The elements in the first matrix's column and rows are multiplied by one another\[ = \left[ {\begin{array}{*{20}{l}}{(1) \cdot (1) + (0) \cdot (1)}&{(1) \cdot (0) + (0) \cdot (1)}\\{(1) \cdot (1) + (1) \cdot (1)}&{(1) \cdot (0) + (1) \cdot (1)}\end{array}} \right]\]
Now, the results should be added, we get
\[ = \left[ {\begin{array}{*{20}{l}}1&0\\2&1\end{array}} \right]\]
Now, we gave to determine the cube of matrix ‘A’.
We have,
\[{{\rm{A}}^3}{\rm{ = }}{{\rm{A}}^2} \cdot {\rm{A}}\]
Now, we have to multiply the matrix of \[{{\rm{A}}^2}\] and matrix \[{\rm{A}}\] we get
\[{{\rm{A}}^3} = \left[ {\begin{array}{*{20}{l}}1&0\\2&1\end{array}} \right]\left[ {\begin{array}{*{20}{l}}1&0\\1&1\end{array}} \right]\]
Now, we have to multiply the above two matrix.
The elements in the first matrix's column and rows are multiplied by one another.
\[ = \left[ {\begin{array}{*{20}{l}}{(1) \cdot (1) + (0) \cdot (1)}&{(1) \cdot (0) + (0) \cdot (1)}\\{(2) \cdot (1) + (1) \cdot (1)}&{(2) \cdot (0) + (1) \cdot (1)}\end{array}} \right]\]
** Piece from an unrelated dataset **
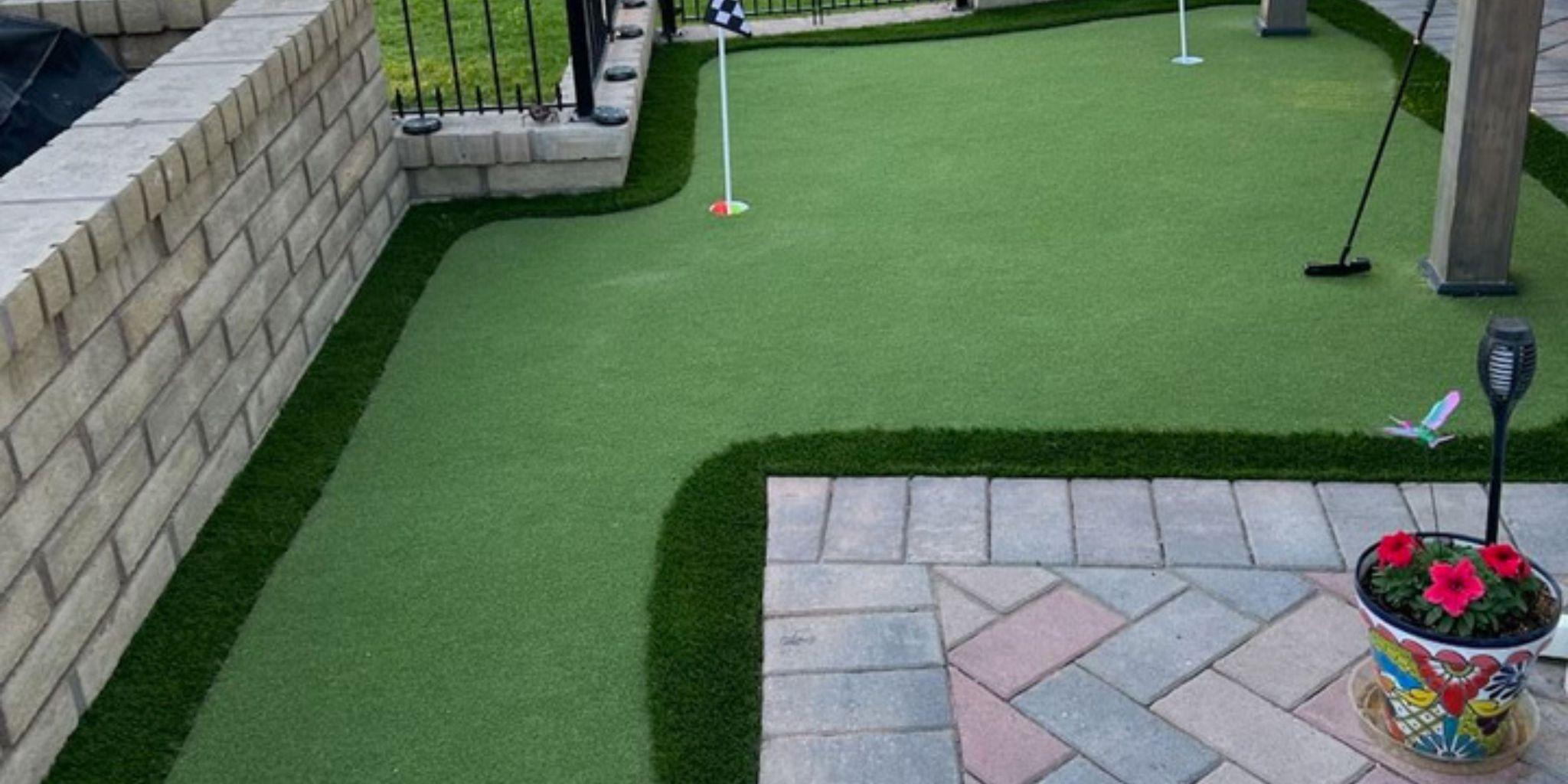 Artificial turf backyard with putting green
Now, the results should be added, we get
\[ = \left[ {\begin{array}{*{20}{l}}1&0\\3&1\end{array}} \right]\]
Therefore, from the above obtained results, we can write
\[{{\rm{A}}^{\rm{n}}} = \left[ {\begin{array}{*{20}{l}}1&0\\{\rm{n}}&1\end{array}} \right]\]
And
\[{\rm{nA}} = {\rm{n}}\left[ {\begin{array}{*{20}{l}}1&0\\1&1\end{array}} \right] = \left[ {\begin{array}{*{20}{l}}{\rm{n}}&0\\{\rm{n}}&{\rm{n}}\end{array}} \right]\]
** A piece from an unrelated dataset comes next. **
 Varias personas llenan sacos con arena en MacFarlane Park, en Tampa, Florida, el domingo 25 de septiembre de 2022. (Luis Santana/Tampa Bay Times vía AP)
Now, we have to verify \[{{\rm{A}}^{\rm{n}}} = \left[ {\begin{array}{*{20}{l}}1&0\\{\rm{n}}&1\end{array}} \right]\] by principle of mathematical induction.
We have,
\[(n - 1)I = (n - 1)\left[ {\begin{array}{*{20}{l}}1&0\\0&1\end{array}} \right]\]
Now, we have to multiply the term \[n - 1\] with the I matrix by multiplying the term outside with each term inside the matrix, we get
\[ = \left[ {\begin{array}{*{20}{c}}{n - 1}&0\\0&{n - 1}\end{array}} \right]\]
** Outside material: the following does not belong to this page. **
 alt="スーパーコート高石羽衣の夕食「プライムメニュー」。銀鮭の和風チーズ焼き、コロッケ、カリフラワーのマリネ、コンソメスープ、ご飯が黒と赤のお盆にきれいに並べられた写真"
Now, we have to subtract the matrix value of \[nA\] and \[(n - 1)I\] we get
\[nA - (n - 1)I = \left[ {\begin{array}{*{20}{l}}n&0\\n&n\end{array}} \right] - \left[ {\begin{array}{*{20}{c}}{n - 1}&0\\0&{n - 1}\end{array}} \right]\]
Therefore, we get
\[\left[ {\begin{array}{*{20}{c}}1&0\\n&1\end{array}} \right] = {A^n}\]
Therefore, If \[A = \left[ {\begin{array}{*{20}{l}}1&0\\1&1\end{array}} \right]\] and \[I = \left[ {\begin{array}{*{20}{l}}1&0\\0&1\end{array}} \right]\] the one that holds for all \[n \ge 1\] (by the principle of mathematical induction) is \[{A^n} = nA - (n - 1)I\]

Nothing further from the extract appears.